Create a launch checklist for OpenAI-powered apps
A compact pre-launch checklist for AI products that need to be reliable, reviewable, and supportable.
Open source docReal workflow example
A team is ready to launch an AI assistant that drafts account follow-ups. The prompt works in internal demos, but launch readiness requires more than a good answer. The product needs permission checks, validation, fallback behavior, cost tracking, support notes, and a way to inspect bad outputs.
The launch checklist turns the feature from a prompt into an operated system. It gives engineering, product, and support a shared definition of what is safe to release.
Implementation approach
Run representative examples through the exact production path: UI, server route, model, tools, schema validation, database write, review screen, and final action. Do not validate the prompt in isolation.
Check failure behavior deliberately. Trigger rate limits, validation failures, missing permissions, empty files, malformed output, and tool timeouts. The user should always land in a clear state.

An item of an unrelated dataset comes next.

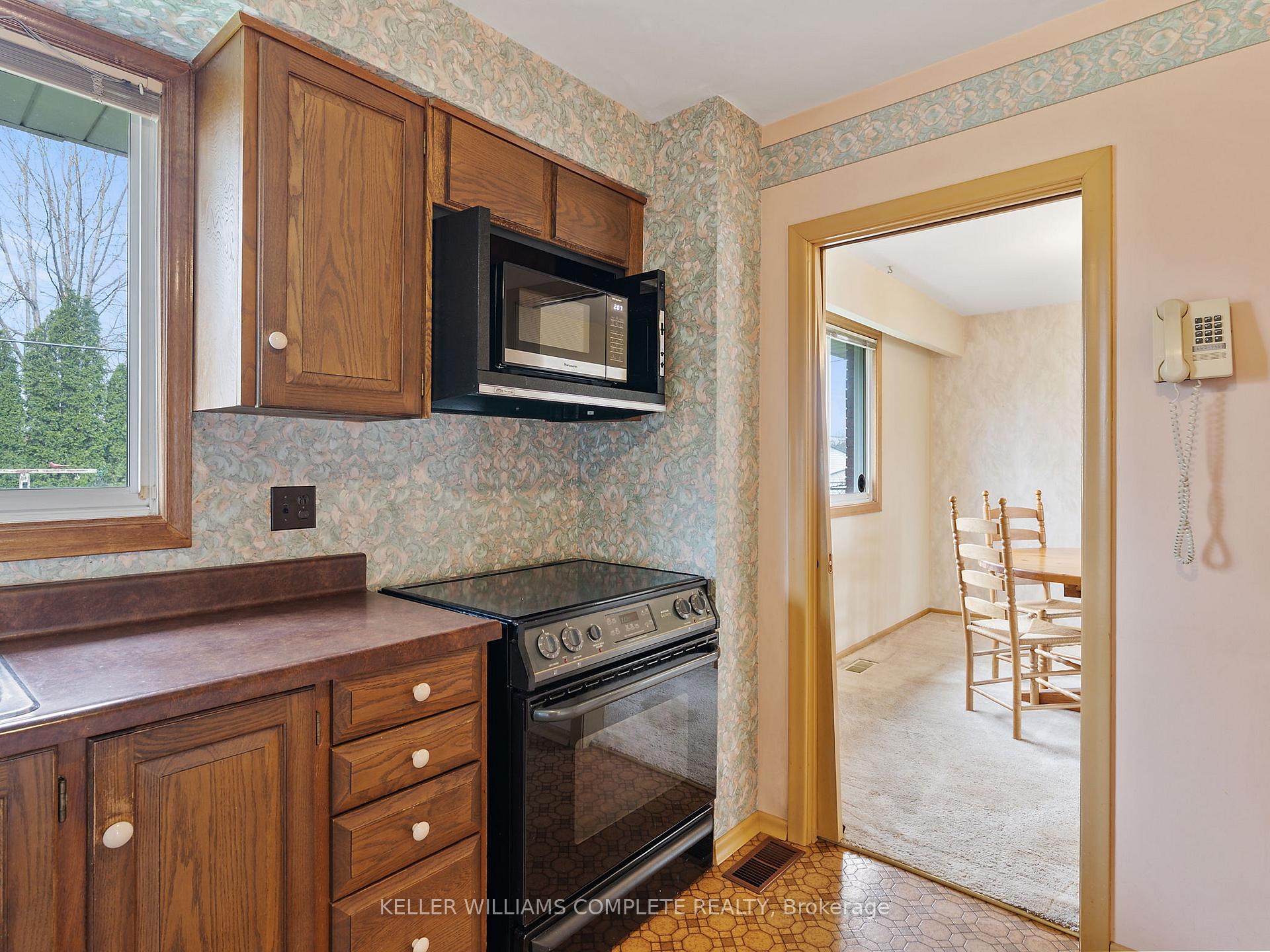 Photo 34 of 20 Ramsgate Drive, Hamilton, Stoney Creek — HOMEH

Prepare support and rollout. Small cohorts, usage dashboards, cost limits, and support notes matter more than a dramatic full release.
Code or config snippet
## AI launch checklist
- [ ] Representative eval set passes on production model and schema.
- [ ] API keys are server-side only.
- [ ] Auth and organization access are checked before every scoped read or write.

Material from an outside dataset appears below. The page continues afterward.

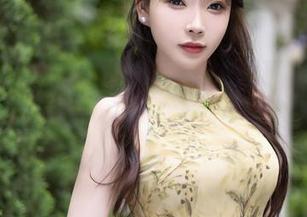 Xiuren秀人网 – 赵惟依coco的私拍：这身死库水，完全不怕水波荡漾啊！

- [ ] Model output is validated before database writes or external sends.
- [ ] Tool failures create retry, review, or blocked states.
- [ ] Usage, latency, errors, review decisions, and cost are tracked.
- [ ] Support has recovery notes for expected failures.
- [ ] Rollout starts with a limited user segment.
Mistakes to avoid
- Launching because the best demo example works.
- Testing the model call but not the full workflow.
- Forgetting support copy for expected failures.
- Shipping without cost visibility.
- Treating human review as optional when downstream actions are risky.
Ready checklist
- Production examples pass from UI to final action.
- Auth, permissions, and ownership checks are verified.
- Structured output validation blocks bad data.
- Fallback behavior is documented and visible.
- Usage and cost dashboards exist.
- Rollout starts with a small cohort and rollback path.